Pese a las significativas variantes
señaladas, queda en pie, pensamos, el esquema básico que es
común a las dos narraciones. Ello es manifiesto, asimismo, a pesar
de importantes diferencias de perspectiva narrativa y de desarrollo literario.
El capitán cautivo lo narra autobiográficamente
el que ha de ser figura central del cuento, mientras que el narrador de El
cuento de Leandra apenas si tiene una presencia de trasfondo en el
que narra. Por la muy diferente extensión de las dos narraciones,
El capitán cautivo queda bastante más desarrollado
en todos sus elementos literarios, especialmente en su caracterización,
siendo mucho más rico en la presentación de las tres figuras
centrales: el forastero, la hija y el padre.
Es de interés erudito que el esquema
narrativo común a los dos cuentos cervantinos sea identificable con
un esquema (motif) tradicional-folklórico (Márquez-Villanueva,
102; Rodriguez-Velázquez, 254-55).3
Ello explicaría, por lo pronto, su continua presencia en la memoria
de Cervantes; pero poco haría por popular y universal que fuese
el tal esquema narrativo para ensalzar la creatividad cervantina. Al
contrario, su repetido empleo en el Quijote de 1605, y con tal proximidad
textual,4 podría más bien sugerir
una parquedad imaginativa en el novelista.

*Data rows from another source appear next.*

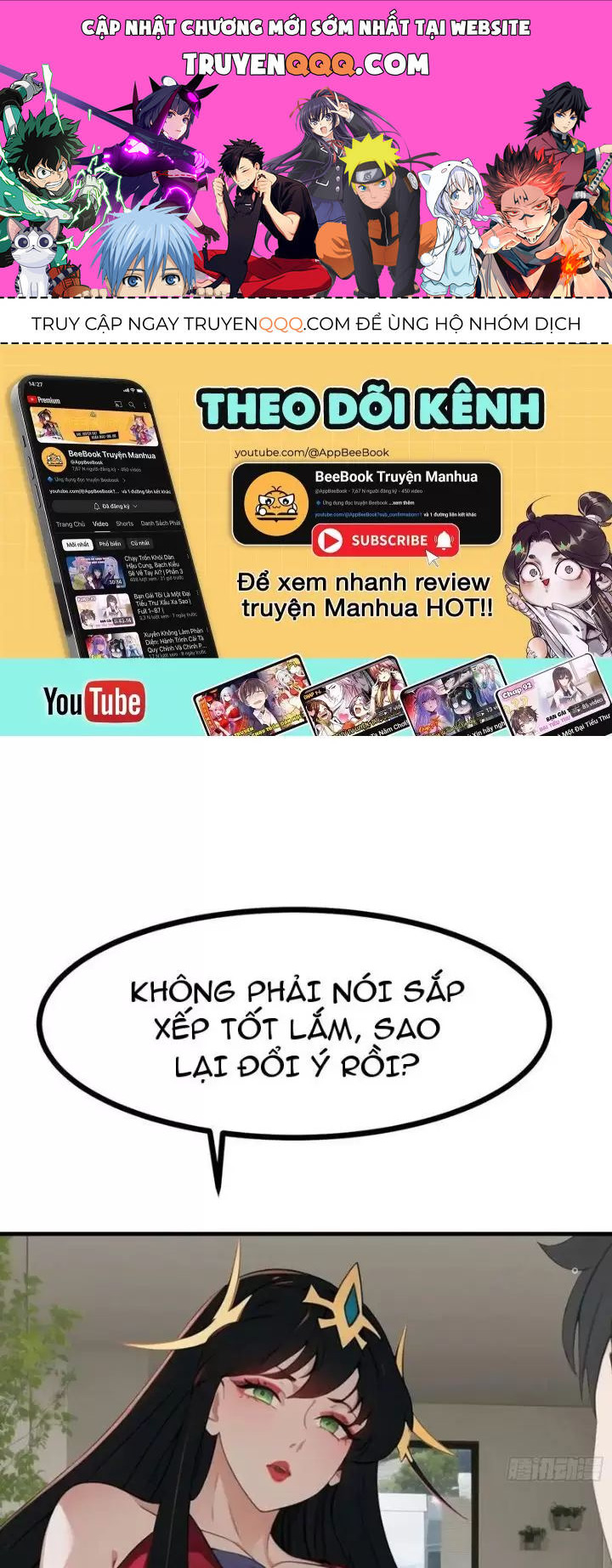 Phu Nhân Nhà Ta Đến Từ Địa Phủ Ngàn Năm: Chapter 84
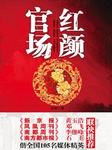 官场无红颜（二）：权力暗战之风起云涌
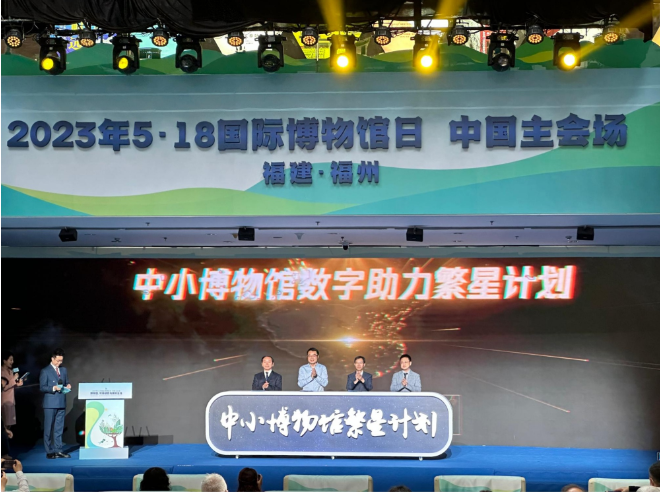 沉浸式体验德阳市博物馆与腾讯“繁星计划”的首次“亲密接触”(图2)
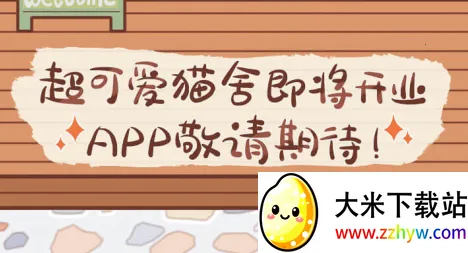 ���ؿ��������ֻ���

Una sensación semejante, de un agotamiento
creativo en el novelista hacia el final del Quijote de 1605,
sensación que no compartimos, como se verá, parece inculcar
el análisis de El cuento de Leandra que ofrece
Williamson.5
Coming at the end of Part I, it contains echoes of all the preceding tales. Leandra is the daughter of a rich peasant (like Dorotea), she has no mother (like Marcela), and she spurns the love of Anselmo and Eugenio (again like Marcela). These two (like Grisóstomo and Cardenio) suffer an access of amorous madness which drives them to dress up as goatherds. Leandra (like Dorotea with Fernando) falls in love with a soldier, Vicente, and (like Zoraida with the captive) elopes with him in the hope of going to foreign lands. The elopement comes to possess more of the practical characteristics of
3 Véanse
Stith Thompson, III, 361; y Fiedler, 111.
4 Hay diez
capítulos entre un empleo y otro; y sin que en ellos se interpole
ninguna otra narración, pues no pensamos que lo presentado acerca
de los amores de Luis y Clara constituya un relato en toda regla (Williamson,
55).
5 Ha de indicarse,
en toda justicia, que Williamson ofrece el comentario que sigue como sugerencia
de una general y difusa actitud auto-paródica.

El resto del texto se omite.